Monday, July 13, 2015

Ee-i-ee-i-o

Mary: "Dr. Grumpy's office, this is Mary."

Mrs. McDonald: "Hi, I'm on my way there for my appointment, but I'm running late."

Mary: "Okay, well, the one after you just cancelled, so come on in and he'll see you when you get here."

Mrs. McDonald: "What a mess. The neighbor's asshole rooster came into my yard, and my dog got it. Feathers every-fucking-where."

Mary: "We'll see you soon."

Mrs. McDonald: "The bird had it coming, too. I mean, every day he struts around on top of MY fence like he fucking owns the place, and taunts Bitsy. If he was stupid enough to come down to the ground, he deserves whatever she did to him."

Mary: "..."

Mrs.

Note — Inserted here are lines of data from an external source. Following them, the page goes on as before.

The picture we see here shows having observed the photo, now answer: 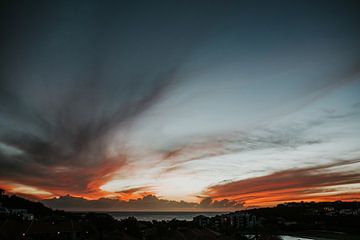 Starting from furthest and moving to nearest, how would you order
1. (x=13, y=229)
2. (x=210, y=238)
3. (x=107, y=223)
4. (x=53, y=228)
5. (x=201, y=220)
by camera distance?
(x=201, y=220), (x=107, y=223), (x=53, y=228), (x=13, y=229), (x=210, y=238)

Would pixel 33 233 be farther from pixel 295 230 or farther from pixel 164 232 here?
pixel 295 230

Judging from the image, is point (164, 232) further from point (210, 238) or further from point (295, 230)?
point (295, 230)

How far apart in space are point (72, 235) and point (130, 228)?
9275 millimetres

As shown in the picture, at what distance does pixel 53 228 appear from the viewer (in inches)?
1692

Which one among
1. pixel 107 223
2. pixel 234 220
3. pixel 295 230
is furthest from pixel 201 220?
pixel 107 223

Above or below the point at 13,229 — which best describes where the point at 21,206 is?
above

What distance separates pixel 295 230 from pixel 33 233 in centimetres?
8445

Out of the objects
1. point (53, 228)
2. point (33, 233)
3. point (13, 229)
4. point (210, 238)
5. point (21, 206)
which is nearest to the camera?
point (210, 238)

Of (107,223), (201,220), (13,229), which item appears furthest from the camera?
(201,220)

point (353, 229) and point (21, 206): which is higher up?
point (21, 206)

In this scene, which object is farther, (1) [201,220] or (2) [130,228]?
(1) [201,220]

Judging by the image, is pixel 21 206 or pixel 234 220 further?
pixel 234 220

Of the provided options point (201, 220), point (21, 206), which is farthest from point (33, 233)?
point (201, 220)

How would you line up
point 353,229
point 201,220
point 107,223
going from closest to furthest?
1. point 107,223
2. point 353,229
3. point 201,220
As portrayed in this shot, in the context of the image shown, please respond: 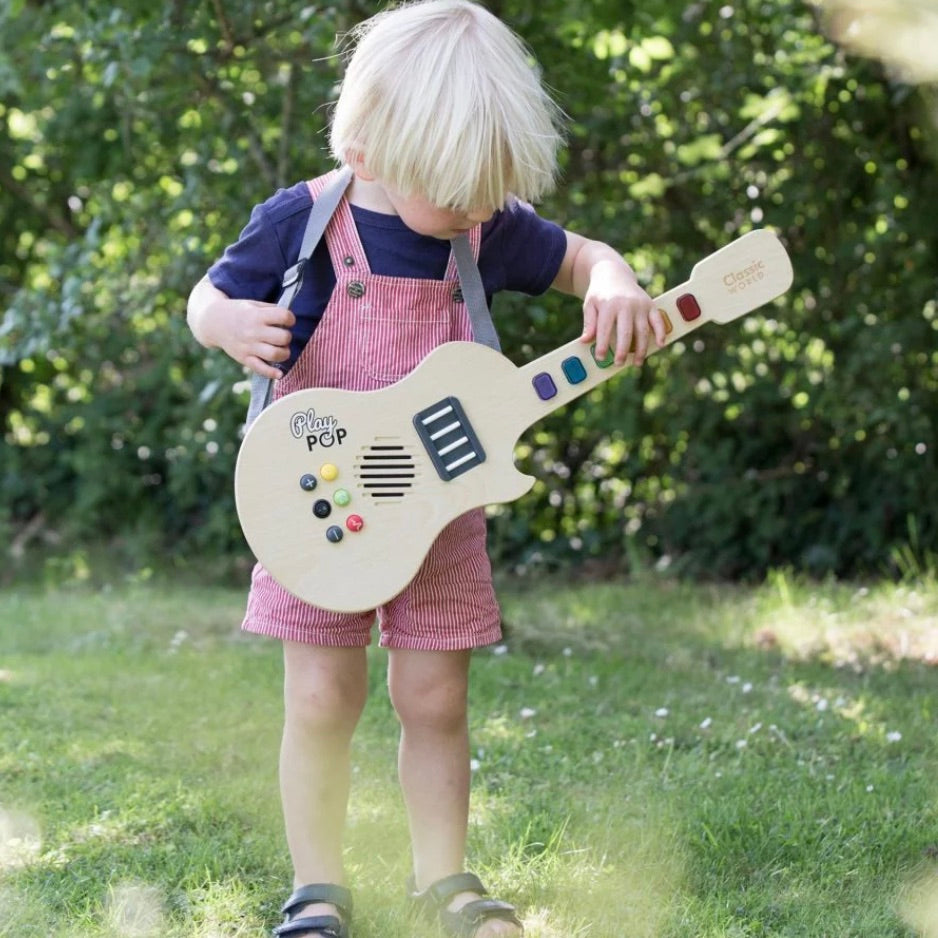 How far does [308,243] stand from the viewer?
2057 millimetres

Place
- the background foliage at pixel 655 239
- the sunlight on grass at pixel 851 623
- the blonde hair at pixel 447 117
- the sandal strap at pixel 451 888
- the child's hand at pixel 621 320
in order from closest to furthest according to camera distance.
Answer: the blonde hair at pixel 447 117
the child's hand at pixel 621 320
the sandal strap at pixel 451 888
the sunlight on grass at pixel 851 623
the background foliage at pixel 655 239

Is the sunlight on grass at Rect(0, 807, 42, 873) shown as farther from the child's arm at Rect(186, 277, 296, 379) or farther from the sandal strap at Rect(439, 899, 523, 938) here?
the child's arm at Rect(186, 277, 296, 379)

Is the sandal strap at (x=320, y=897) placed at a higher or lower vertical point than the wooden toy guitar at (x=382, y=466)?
lower

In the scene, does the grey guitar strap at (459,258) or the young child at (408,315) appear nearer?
the young child at (408,315)

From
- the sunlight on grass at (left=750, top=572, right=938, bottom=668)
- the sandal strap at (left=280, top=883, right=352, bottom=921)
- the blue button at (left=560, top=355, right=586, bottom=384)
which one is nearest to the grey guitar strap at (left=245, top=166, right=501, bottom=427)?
the blue button at (left=560, top=355, right=586, bottom=384)

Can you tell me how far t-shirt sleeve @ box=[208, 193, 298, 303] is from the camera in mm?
2102

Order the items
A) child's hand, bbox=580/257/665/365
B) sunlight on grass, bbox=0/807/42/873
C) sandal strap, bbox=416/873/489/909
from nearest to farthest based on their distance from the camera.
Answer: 1. child's hand, bbox=580/257/665/365
2. sandal strap, bbox=416/873/489/909
3. sunlight on grass, bbox=0/807/42/873

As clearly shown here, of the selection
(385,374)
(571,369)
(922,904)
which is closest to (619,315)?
(571,369)

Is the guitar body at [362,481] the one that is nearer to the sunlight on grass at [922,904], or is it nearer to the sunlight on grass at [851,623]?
the sunlight on grass at [922,904]

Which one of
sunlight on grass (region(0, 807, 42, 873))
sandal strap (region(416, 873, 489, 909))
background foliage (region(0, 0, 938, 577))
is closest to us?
sandal strap (region(416, 873, 489, 909))

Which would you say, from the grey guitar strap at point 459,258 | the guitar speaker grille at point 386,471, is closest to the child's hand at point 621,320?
the grey guitar strap at point 459,258

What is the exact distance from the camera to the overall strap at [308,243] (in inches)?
80.1

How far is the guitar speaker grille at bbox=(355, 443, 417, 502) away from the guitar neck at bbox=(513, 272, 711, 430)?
0.58ft

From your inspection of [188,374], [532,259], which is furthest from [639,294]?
[188,374] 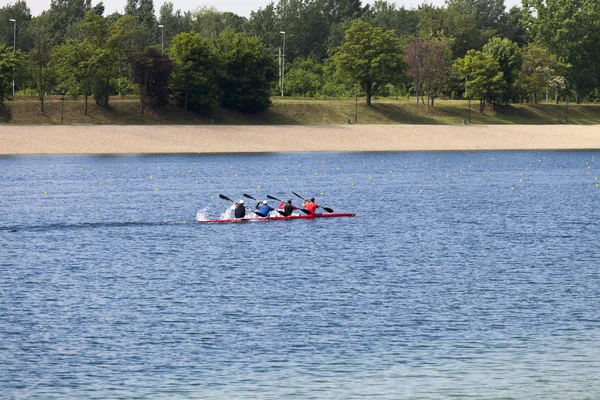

McDonald: "My goats saw the whole thing. They were probably cheering for Bitsy the whole time. And then, when I finally got the damn bird away from Bitsy, and it was still alive, I handed it over the fence to the bitch owner. And you know what she said? She said that if he dies, I owe her a new rooster. The hell I do."

Mary: "I..."

Mrs. McDonald: "I told her she could get her ass over and clean up the feathers that are all over my yard. If it's her bird, then they're her feathers, aren't they? So she better have them all picked up and gone when I get home."

Mary: "Okay..."

Mrs. McDonald: "Anyway, I can show you the pictures of the feathers and the bird when I get there to prove I'm telling the truth. I took a lot of them for evidence, because, you know, this is probably going to end up in front of Judge Wapner or something. I'll be at your place in a few."

click

Friday, July 10, 2015

Overhead hospital page

"Will the owner of a red fire truck parked in front of ER please move your vehicle?"

Thank you, Marsha!

Thursday, July 9, 2015

Memories...

In 1995, in the usual tradition, my nephew was circumcised.

The ceremony was at my parent's house. Mom placed the foreskin in a Ziploc bag and put it in her freezer. Her plan was to give it to my sister on the kid's first birthday...  I'm still not sure why.

When my nephew was a year old, Mom went looking through the freezer. She couldn't find the bag. Multiple attempts at moving things around, looking through piles of frost, etc. were unsuccessful. The foreskin had vanished into some sort of interdimensional void.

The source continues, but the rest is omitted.